"How do I know
?" I don't anymore. Over the last 3 months I've become more aware that it seems uncomfortable for me to be in love with more than one woman. As Mono writes, it's not a matter of self-control or denial, it's an internal circuitry of some kind.
There are lots of electrical switches available. Some let you select a single signal path at a time -- you can listen either
to your radio or
your CD player or
your MP3 player. But not all at the same time. Some selectors let you use multiple sources: you can pipe your electric guitar and
your dub box and
your drum machine into the same recording line. Simultaneously.
This is a really crude analogy, but it feels a little like that to me. Some people's love-switches accept multiple inputs. My internal switches only really accept one love at a time. (It's a really a poorly designed switch, too, because there's quite a bit of arcing and burning when it has to change to a new configuration, and that hurts.

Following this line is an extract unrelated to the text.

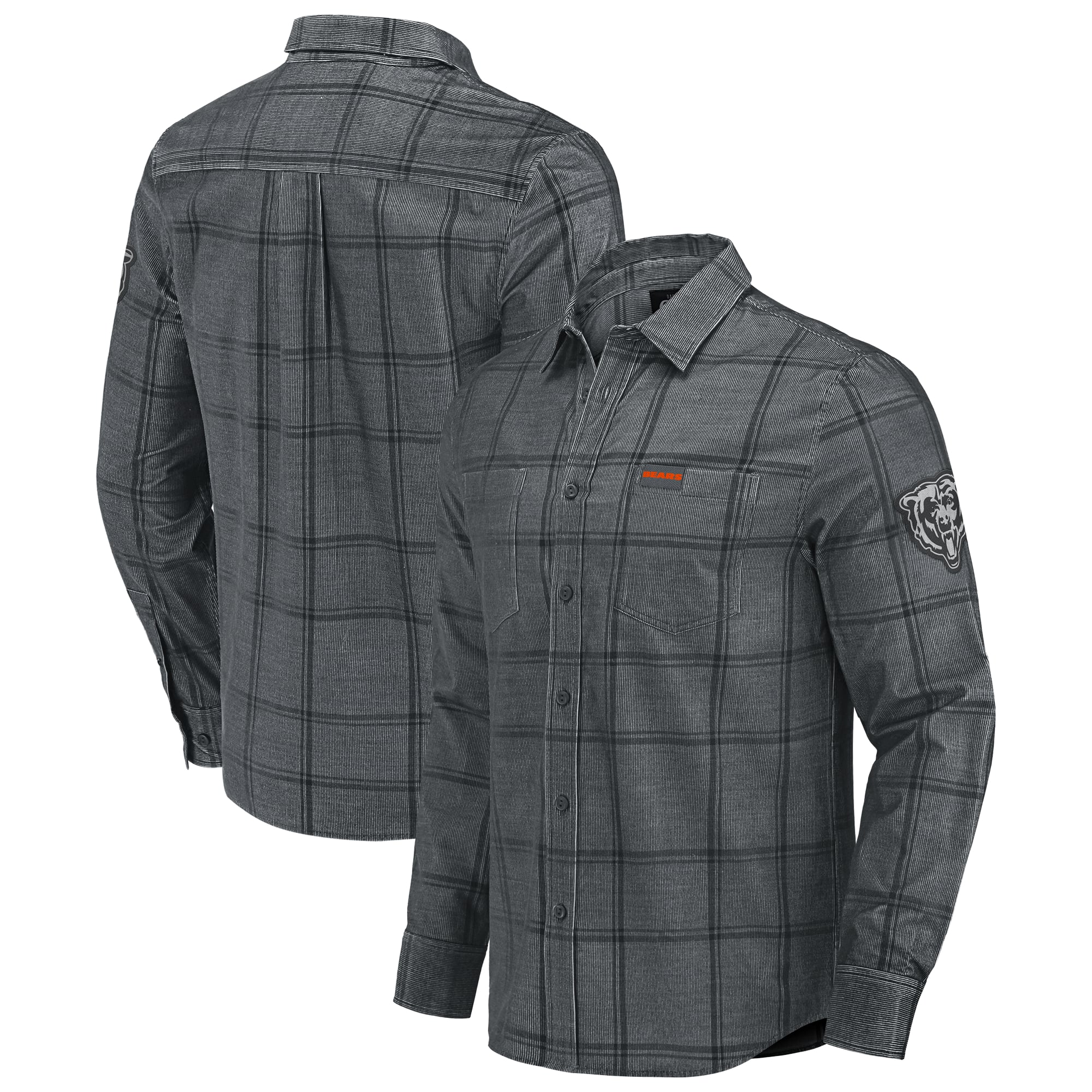 Chemise boutonnée en velours côtelé micro-élastique gris pour homme, collection Darius Rucker par Fanatics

But I'm lucky: I don't mind if the person I love has the other kind of switch. I can love someone who is also in love with other people. That's really great for me, because I can get the benefits of compersion and wider relationships even though I'm not completely poly. And I don't seem to suffer the terrible pains of jealousy and anger that sometimes go with the full mono configuration. Whew! What luck.
I don't really believe it's as simple as the switch analogy. People are damned complicated, and emotions are extraordinarily complex. The ideas of situational sexuality, serial non-monogamy, and relationship webs do a better job of showing some of the complexity.